┌──
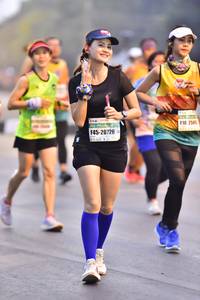 BIB: 258, 20726, 
                            <button type="button" onclick="openModal(7435960)" class="btn btn-primary btn-sm float-right btn-popup" data-toggle="modal" data-target=".modal-high-quality">
                        <i class="fas fa-shopping-cart"></i> Add to Cart
                    </button>
                                            <button type="button" onclick="isThisMe(7435960, true)" class="btn btn-success btn-sm float-right btn-popup btn-isme hidden" data-toggle="tooltip" data-placement="bottom" title="นี่คือรูปของคุณใช่ไหม คลิกที่นี่เพื่อเอาเข้าอัลบั้ม">
                        <i class="fas fa-plus"></i> Add to album
                    </button>
                    <button type="button" onclick="isThisMe(7435960, false)" class="btn btn-warning btn-sm float-right btn-popup btn-isnotme hidden">
                        <i class="fas fa-ban"></i> Remove from album
                    </button>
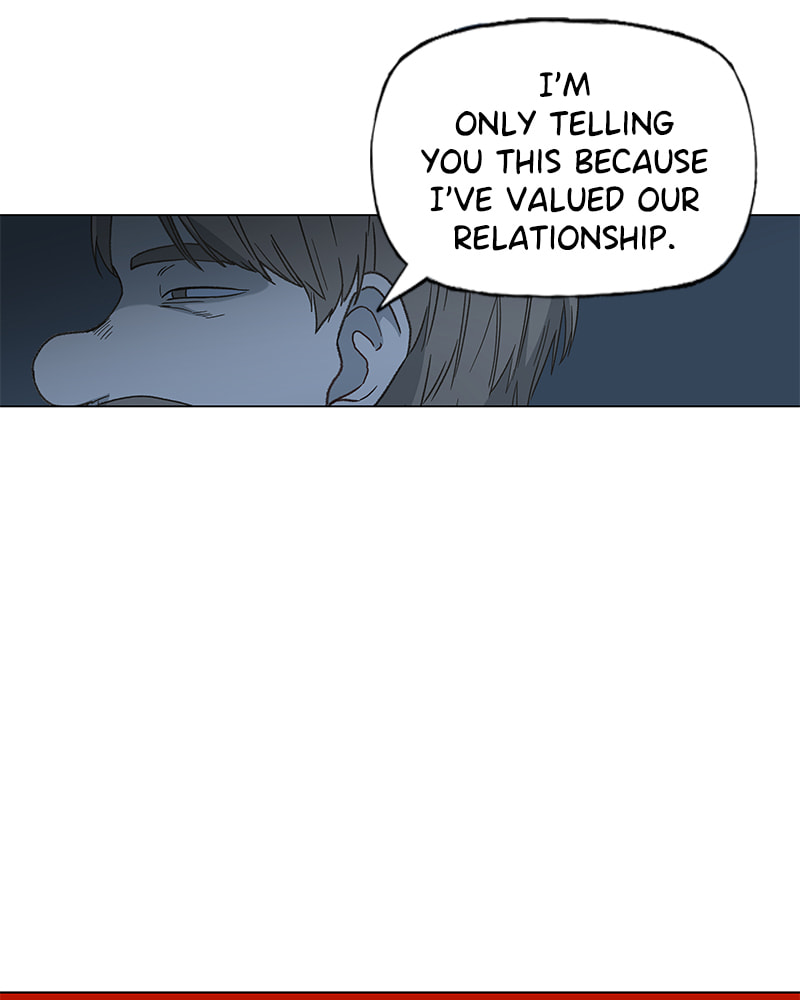 Read The Boxer chapter 61 image 31 on Lezhin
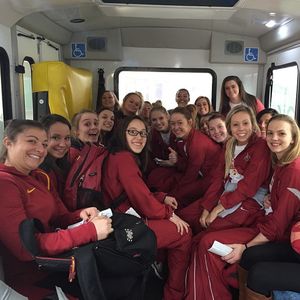Image post by @cyclonegym on Instagram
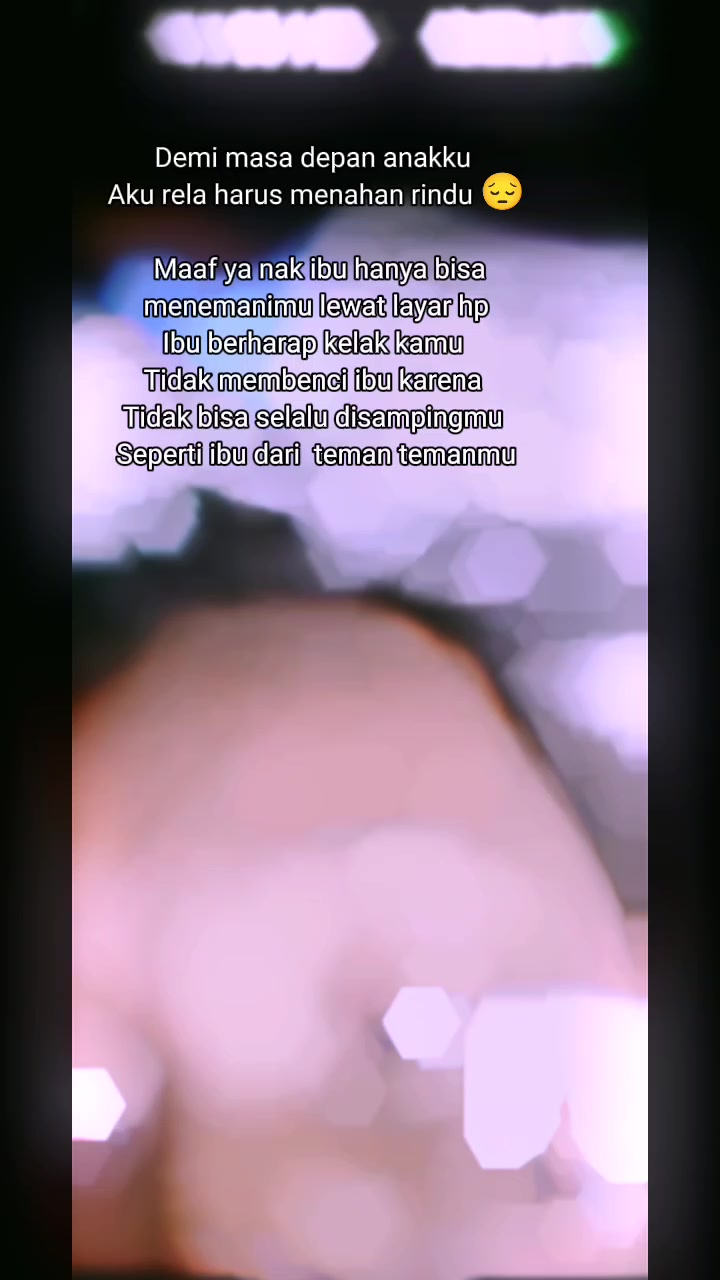 @Aisyah Aisyah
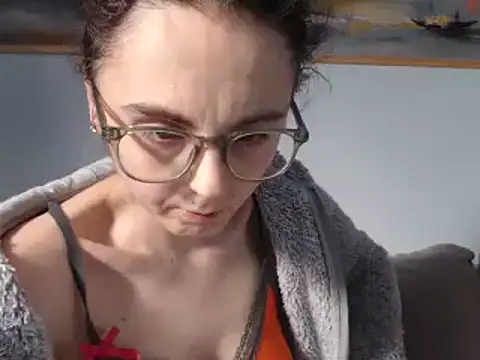 Snapshot of cleophee chatting on 03.06.25 cleophee online show from 03.06.25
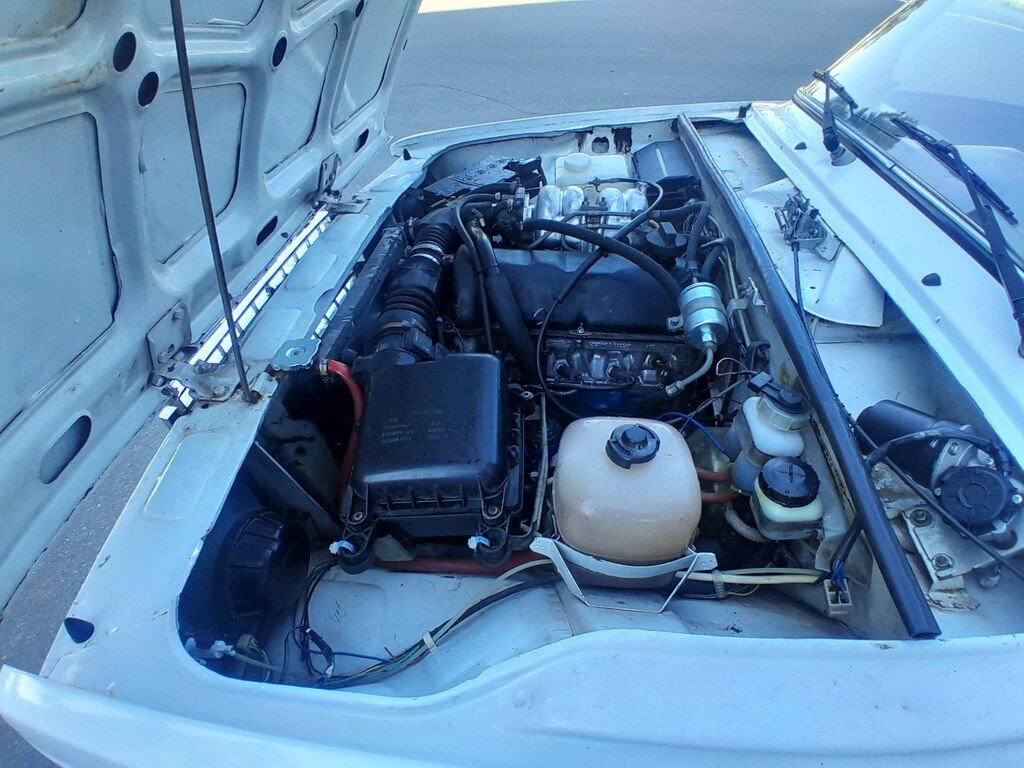 Lada (VAZ) 2107, 1.5 L, 2006 il, 78 523 km 46-BC-147 — Avtomobillər, Naftalan (11)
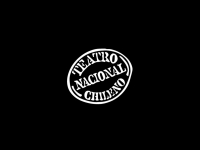 TEATRO NACIONAL CHILENO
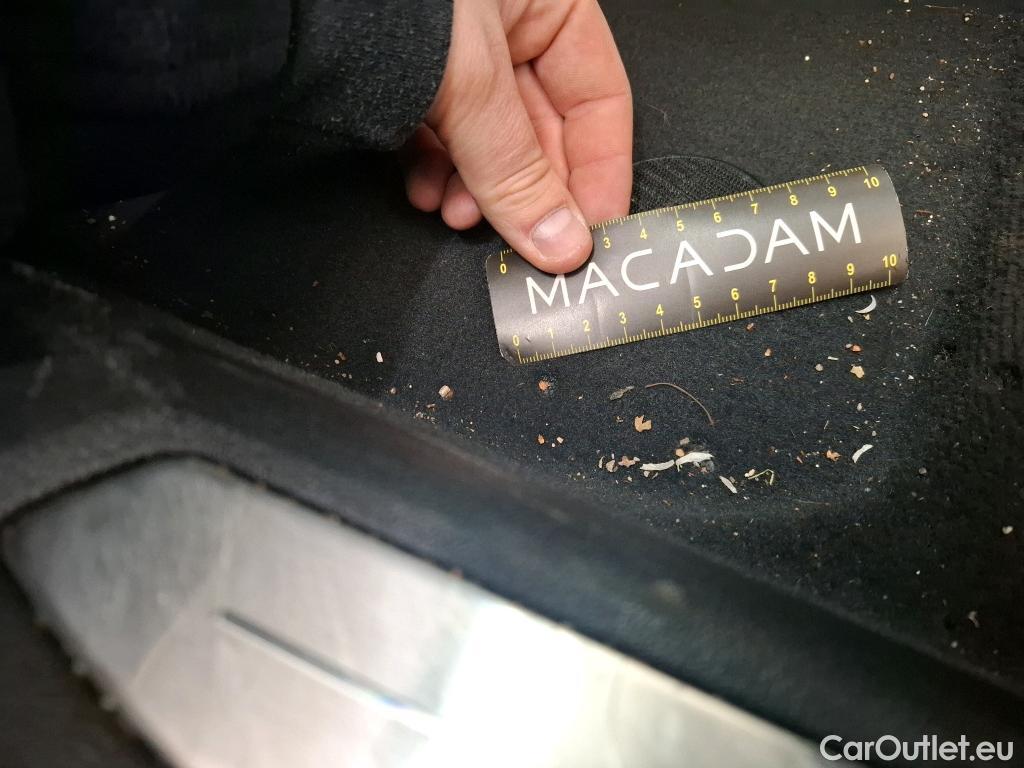  Bmw  Serie 1 BMW Série 1 2019 5P Berline 15 116D Business Design #3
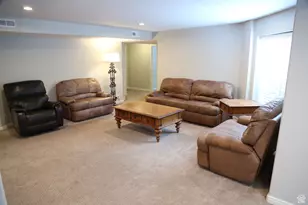 760 E corner Ridge Dr, Draper, UT 84020 - Photo 25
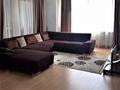 3-комнатная квартира · 140 м² · 8/25 этаж, проспект Кошкарбаева 2 — Блок-С за 500 000 ₸ в Астане, Сарайшык р-н — фото 5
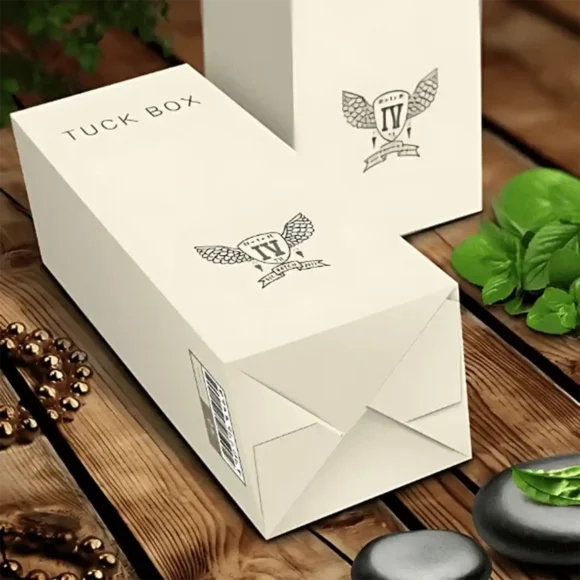 Tuck Boxes - Image 6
└──
Working from the listing above, retype it exactly but include no images.

 BIB: 258, 20726, 
                            <button type="button" onclick="openModal(7435960)" class="btn btn-primary btn-sm float-right btn-popup" data-toggle="modal" data-target=".modal-high-quality">
                        <i class="fas fa-shopping-cart"></i> Add to Cart
                    </button>
                                            <button type="button" onclick="isThisMe(7435960, true)" class="btn btn-success btn-sm float-right btn-popup btn-isme hidden" data-toggle="tooltip" data-placement="bottom" title="นี่คือรูปของคุณใช่ไหม คลิกที่นี่เพื่อเอาเข้าอัลบั้ม">
                        <i class="fas fa-plus"></i> Add to album
                    </button>
                    <button type="button" onclick="isThisMe(7435960, false)" class="btn btn-warning btn-sm float-right btn-popup btn-isnotme hidden">
                        <i class="fas fa-ban"></i> Remove from album
                    </button>
 Read The Boxer chapter 61 image 31 on Lezhin
Image post by @cyclonegym on Instagram
 @Aisyah Aisyah
 Snapshot of cleophee chatting on 03.06.25 cleophee online show from 03.06.25
 Lada (VAZ) 2107, 1.5 L, 2006 il, 78 523 km 46-BC-147 — Avtomobillər, Naftalan (11)
 TEATRO NACIONAL CHILENO
  Bmw  Serie 1 BMW Série 1 2019 5P Berline 15 116D Business Design #3
 760 E corner Ridge Dr, Draper, UT 84020 - Photo 25
 3-комнатная квартира · 140 м² · 8/25 этаж, проспект Кошкарбаева 2 — Блок-С за 500 000 ₸ в Астане, Сарайшык р-н — фото 5
 Tuck Boxes - Image 6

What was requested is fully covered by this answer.